You can also try databases that are natively distributed with replication and scaling built-in. If you need SQL you have many "newSQL" choices like CockroachDB, Yugabyte, Vitess, TiDB, and others.
Because we needed geographic distribution so that we don't end up hairpinning our users, and they only run a single service so the value prop is much lower. We use route 53 to do geodns across a number of cheap instances around the world (which is also nice, let's you pick regions with cheap bandwidth but good latency to major metro areas). We currently have TURN relays in Las Vegas, New York, and Amsterdam and that gives us pretty good coverage (sorry Asia...you're just so damn expensive!).
But all of our APIs sit in one k8s cluster across two datacenters (Hetzner, with whom we couldn't be happier).
Really interested in hosting at Hetzner, as their prices are fantastic by comparison to AWS, Azure & GCP.
I'm particularly interested in what an HA Postgres setup might look like. Assuming you are running some kind of database (whether Postgres or otherwise), what are you doing for persistent storage? Are you using Hetzner's cloud block storage volumes? What is performance like?
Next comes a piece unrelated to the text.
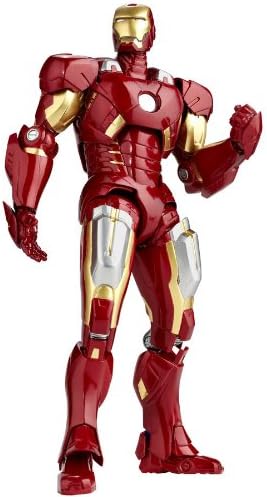 Legacy of Revoltech - Tokusatsu Revoltech LR-041 "The Avengers" Iron Man Mark 7 | animota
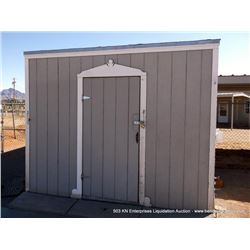 8' X 8' SHED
Interesting! Is that a single K8 control plane across one cluster? We've gone with fully isolated clusters across 2 data centers to protect against a network isolation incident between them causing a split brain/borking etcd.
Yes the control plane is only in one of the data centers. The other only runs admin services like offsite backups, our development infra (gitlab, etc) and CI/CD.
We could definitely do two clusters and probably should, but the secondary data center has few services that it wasn’t really worth the extra work.
At first look the numbers in the colourful table near the end, Piraeus/Linstor/DRBD seems 10x faster than Longhorn 0.8. The article goes into great depth of the (a)synchronous replication options of Piraeus, but doesn't mention that Longhorn always does synchronous replication. I wonder why?
I should have made it clearer that Longhorn is sync as default. Linstor is also synchronous as default, but you can mess with it to make async in some situations (In reality you allow it to be out-of-sync).
I´m really rooting for Longhorn. I´m a sucker for GUIs. But in my tests the performance is not there yet.
However, they opened a new epic ticket to focus on performance, and hopefully they will keep improving Longhorn after the acquisition.
You mentioned somewhere that your servers were hosted with Hetzner - are you using their "cloud volume" block storage? Really curious to know what performance is like with this cloud attached SSD storage!
It really transformed my company DevOps. I´m VERY happy. If you can, use Rancher. It is just perfect!